Late to the party, but also wanted to say your example of honesty, humor, faith and compassion have always done a world of good. Those will see you through again.

Like others, you were among the first to reach out to me when i first joined even backing me up on a particularly tough night.

I don’t mean that as a thank you or a pat on the back (at least not primarily). Only that I’ve seen how the kind of honesty you show here can heal because I’ve seen you do it before.

Thanks for sharing this, Rob. All the blessings to you and your family. :v: :heart:


#13

Lots of talk of honesty here. Feeling like a hypocrite. Yeah, I’m honest and unapologetic in what i share here. But, honest with my wife? We dont talk about the addiction. Like it doesnt exist. I don’t lie to her face anymore, but im not straightforward with her either. I dont tell her of my relapses. She has access to my phone though and can see my counter, though i dont know if she knows what im even counting.

Making it harder to access? Its everywhere. I cant escape it. I tried setting up every barrier, it was just a fence to jump. The only restraint left is self restraint. I must change myself, not the environment. My environment is pretty healthy for me as it is, but i cant change everyone else.


#14

Marriage dynamics are unique. I dont know you well enough to give rock solid advice, but maybe something to ponder. Not being straightforward can be looked at as lieing. Same with relapsing. Your addiction is an extremly tough one to crack, when you look at all the stressors our society throws your way. It might help if she knew. Again, not knowing your dynamics, so just something to ponder.


#15

@Donnie_Spiering has agreat point. I think maybe a conversation regarding her expectations might be in order. Does she want to be informed?


#16

Yeah? Maybe? She has said that she does, but then she’s acted the opposite before. I dont know. I really should be more open and honest with her, but thats one part of the addiction that runs deep within me. I have an extremely difficult time opening up.


#17

We love you @rmgrimmer. It’s truly a joy to have you among us.

Can totally relate what you’re saying. When’s it going to be enough?

I started 12 step recovery when I was 23. And I’m 48 now so that’s 25 years of relapse history. But we still don’t give up, and the results, however disappointing they may be to us, are still worth it and better than acting out full blown in our addiction with no restraint.

As for my wife, she really doesn’t want anything to do with my journey towards wholeness. She doesn’t want to be my accountability partner nor my policeman nor my support person. She simply wants me to take responsibility for myself and doesn’t want to have to worry about it. Too much for her to handle I guess.


#18

I think its too much for my wife to think about as well. She worries about everything. I think she blocks my addiction out.


#19

Hmm.
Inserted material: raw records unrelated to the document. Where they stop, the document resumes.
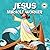 Jesus the Miracle Worker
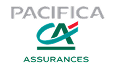 Partenaire Pacifica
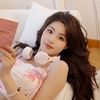 川川子 🖤🖤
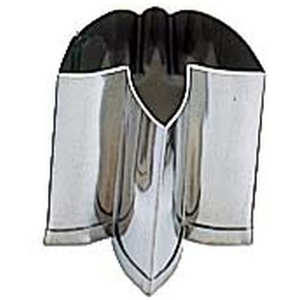 ] 18-8 葢Ɩp ^ t | oC 4277230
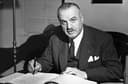 Image of Amadeo Peter Giannini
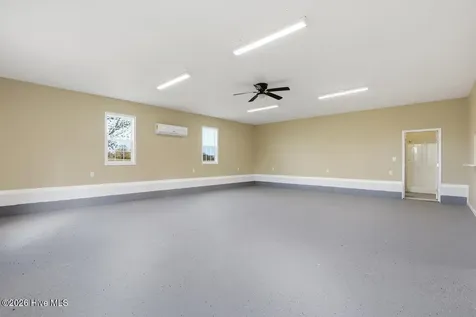679 Nc Highway 222 E Fremont NC 27830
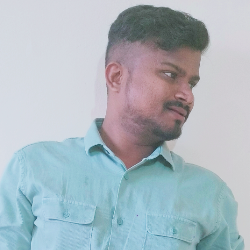 Prasad Gaikwad-Freelancer in Pune,India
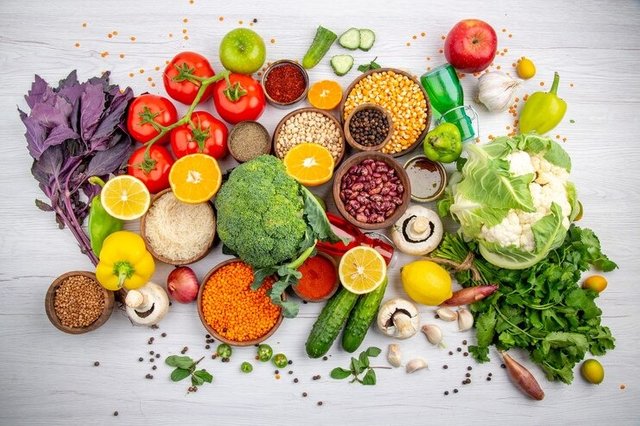 top-view-fresh-foods-spices-vege.jpg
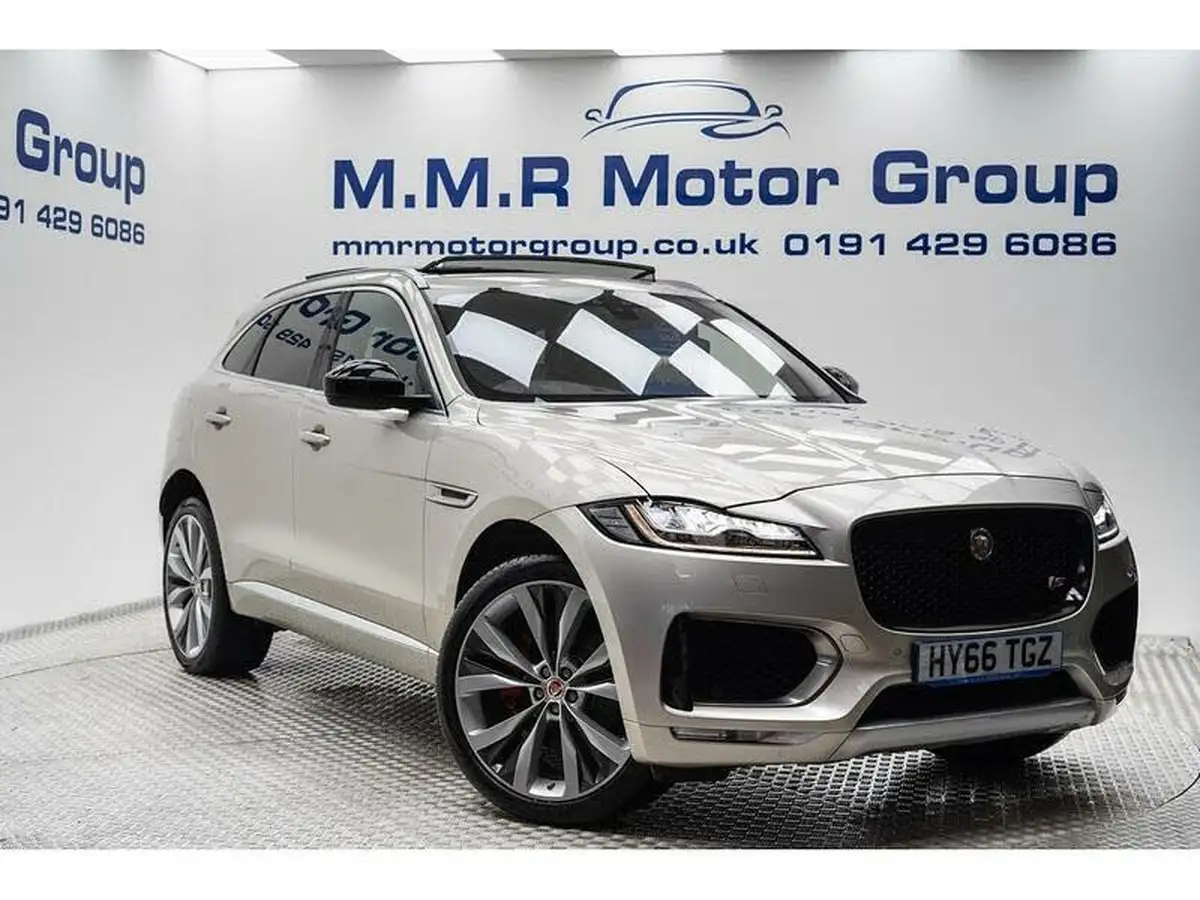 2016-jaguar-f-pace-30td-s-big-3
I know it’s different, but I have/had a similar situation discussing my addiction with my mother. What needed to be said vs what was me feeling better at her expense/discomfort?

Ultimately only one person can decide what she can handle, and it’s not me.
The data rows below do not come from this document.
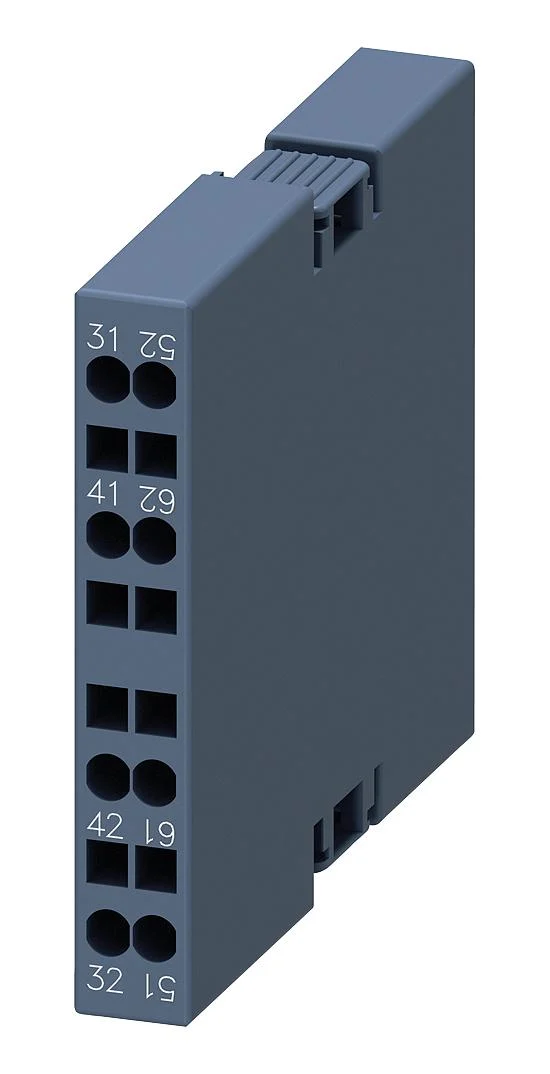 Siemens 3RH2921-2DA02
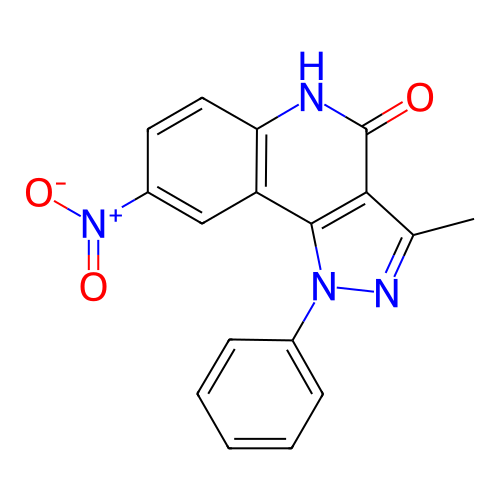 Chemical structure of BindingDB Monomer ID 50138410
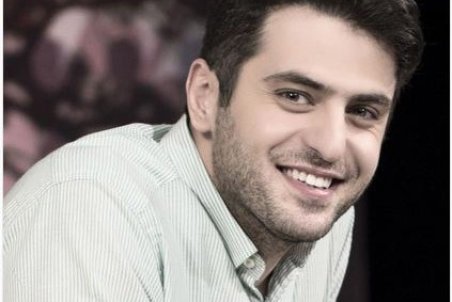 همه تاریخ انقضاء داریم!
I once admitted to her I had a problem before fully in recovery. Later in proper amends I started with apologizing for causing her any stress/concern, then let her set the pace for the rest of it.

Now though she is a very important and supportive figure in my life, she’s not an “accountability person.” That said, if I ever hid a serious struggle from her again it’s crystal clear she would kill me. :sweat_smile: YMMV.


#20

Yep. Kinda feeling that tonight. Even if the apple didn’t just land not far from the tree, it landed right BETWEEN the trees!